Kiengekkkk…treettt..bRAAKKk!! Pintu ruang tamu yang terletak paling depan berbunyi, hal itu sontak mengagetkan ku. Aku menelan ludah, kepala ku terangkat jauh dari kerah baju ku, bulu roma ini sekejap berdiri layaknya sensor yang mengatakan ada sesuatu yang mengerikan didepan sana. Aku menggengam handphone ku, coba memberanikan diri melihat siapa yang datang. Akupun berjalan menyusuri koridor, lampu koridor dikantor ini jika malam memang tak pernah dinyalakan, ini karena bos ku yang begitu pelit, menurutnya sedikit cahaya dari ruangan ku dan ruangan redaksi sudah cukup untuk membuat siapa saja yang berjalan bisa melihat dengan baik. Memang, siapapun yang mau melalui koridor utama akan bisa berjalan dengan baik di tengah jalan dengan cahaya temaram dari ruangan lain. Namun itu sangat bodoh karena membuat suasana menjadi menyeramkan. Bahkan pernah dia kekantor ketika malam dan saat ingin kebelakang, dia meminta ku menemaninya. Dia saja takut pergi kebelakang disaat ada banyak orang diruang tamu, apalagi aku yang kadang sendiri jika mas Ber pergi meliput seperti malam ini.

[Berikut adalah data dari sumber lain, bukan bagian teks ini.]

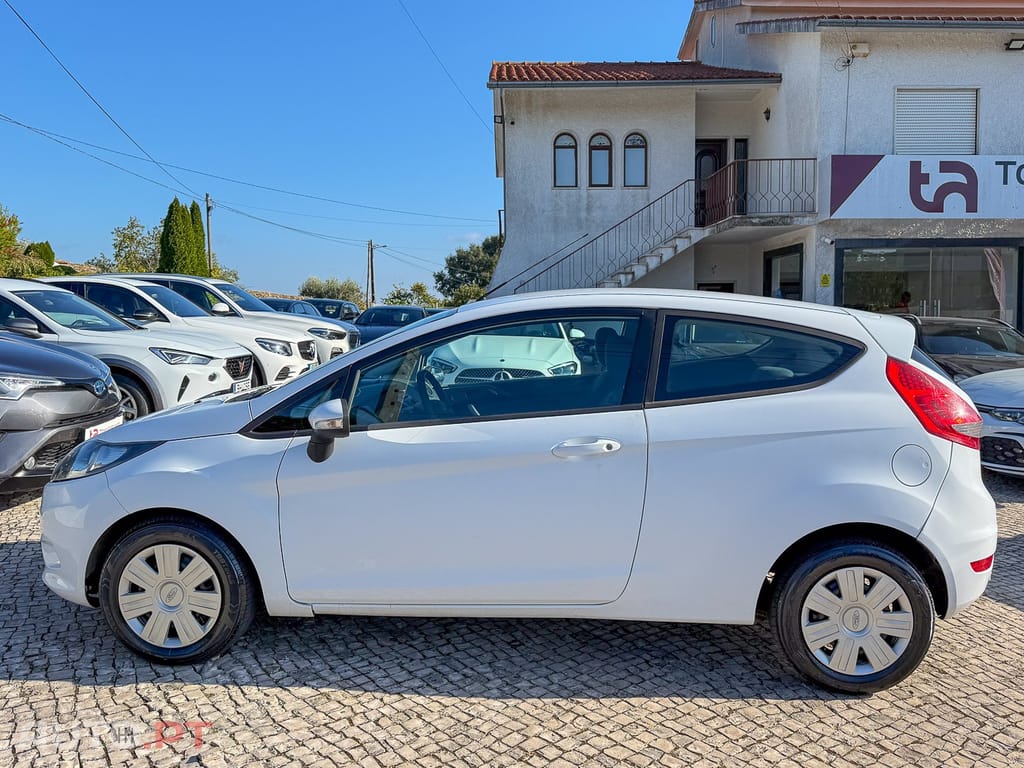 Ford Fiesta 1.6 TDCI Ambiente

Aku sampai diujung koridor kini tinggal menolehkan kepala ku keruang tamu yang juga gelap ini, ada sosok yang bergerak disana, jantungku berdetak cepat, saking cepatnya seperti sebuah mesin pembangkit yang melebihi kapasitanya dan sebentar lagi akan meledak. Dari kegelapan itu terlihat pergerakan, seseorang disana mendekat kearahku dan semakin mendekat. Dan akhirnya…
“huwaaaaa!! ternyata kamu Rendy, aku pikir tadi hantu, putih-putih”
“yee, yang ada aku yang mikir kalau kamu itu yang hantu yat”
“hahaha masa orang keren kaya si dayat anak juragan kayu kaya aku ini mirip hantu, kamu tuh malam-malam begini pakai baju putih udah kaya kuntil anak aja”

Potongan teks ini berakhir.